I have three kids and a husband who leaves for work at 6am. On a good morning, when nothing obvious goes wrong, I get to work in an outfit that still requires some tucking or rearrangement and my heart thumping. I tell myself it’s the coffee. I can feel it inside thumping as I smile at colleagues and pull out my chair.

Bad mornings often come out of nowhere. You’re good. You check the time. On track. We might even get out of here five minutes early. Then BAM.

The bad mornings feel like Adam Sandler has scripted them; there is humour in there it’s just really obvious and proves how low your standards have slipped.
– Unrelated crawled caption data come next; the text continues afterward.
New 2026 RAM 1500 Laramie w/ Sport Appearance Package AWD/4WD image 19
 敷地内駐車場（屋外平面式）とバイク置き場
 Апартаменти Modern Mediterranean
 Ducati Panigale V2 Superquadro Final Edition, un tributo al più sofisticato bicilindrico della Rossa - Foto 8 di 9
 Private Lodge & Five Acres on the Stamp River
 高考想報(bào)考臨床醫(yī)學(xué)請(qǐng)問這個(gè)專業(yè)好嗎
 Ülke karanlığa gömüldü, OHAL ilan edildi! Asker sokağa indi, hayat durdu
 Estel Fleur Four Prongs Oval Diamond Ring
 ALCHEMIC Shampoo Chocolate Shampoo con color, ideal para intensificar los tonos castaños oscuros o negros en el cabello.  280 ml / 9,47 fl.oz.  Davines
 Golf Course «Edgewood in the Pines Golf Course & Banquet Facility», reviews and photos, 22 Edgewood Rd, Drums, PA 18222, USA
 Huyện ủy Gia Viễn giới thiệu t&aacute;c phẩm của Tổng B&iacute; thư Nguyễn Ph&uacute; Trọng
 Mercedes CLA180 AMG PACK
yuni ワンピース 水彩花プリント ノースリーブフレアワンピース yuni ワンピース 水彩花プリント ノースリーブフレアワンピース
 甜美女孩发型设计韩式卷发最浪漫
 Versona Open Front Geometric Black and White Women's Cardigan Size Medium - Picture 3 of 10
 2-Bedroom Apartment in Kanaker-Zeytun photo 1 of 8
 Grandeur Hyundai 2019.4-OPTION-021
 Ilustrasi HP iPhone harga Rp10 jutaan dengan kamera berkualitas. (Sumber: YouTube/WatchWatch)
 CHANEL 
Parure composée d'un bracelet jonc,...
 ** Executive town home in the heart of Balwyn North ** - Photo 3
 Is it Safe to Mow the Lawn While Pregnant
They can involve dog poo on the carpet, lost sports shoes, fights about getting out of bed, fights about why the bread I choose is so bloody boring, a stain on a shirt, a washing machine leak, just remembered early sports’ practice, a frantic hunt for $27.75 – exactly. A frantic hunt for an envelope. A frantic hunt for a pen. Some kind of fundraising mufti day where you can only come to school as something beginning with X. An unexplained thump in the car when I turn a corner. Oh, and a neighbour wanting to discuss details of their carport renovation.

Usually all at the same time.

The problem is I can’t stop for lost sneakers or $27.75 – exactly, or a chat with neighbours. If I stop I get behind. If I stop I run late. If I stop my internal monologue is going “come on, come on, come on, quick, quick, quick”. If I don’t clean my teeth while I check that the downstairs windows are locked or if I don’t put my make up on while calling down the hallway, “Have you got your key?”, “Remind me what everyone is up to this afternoon?” “Who has borrowed my black jumper?”.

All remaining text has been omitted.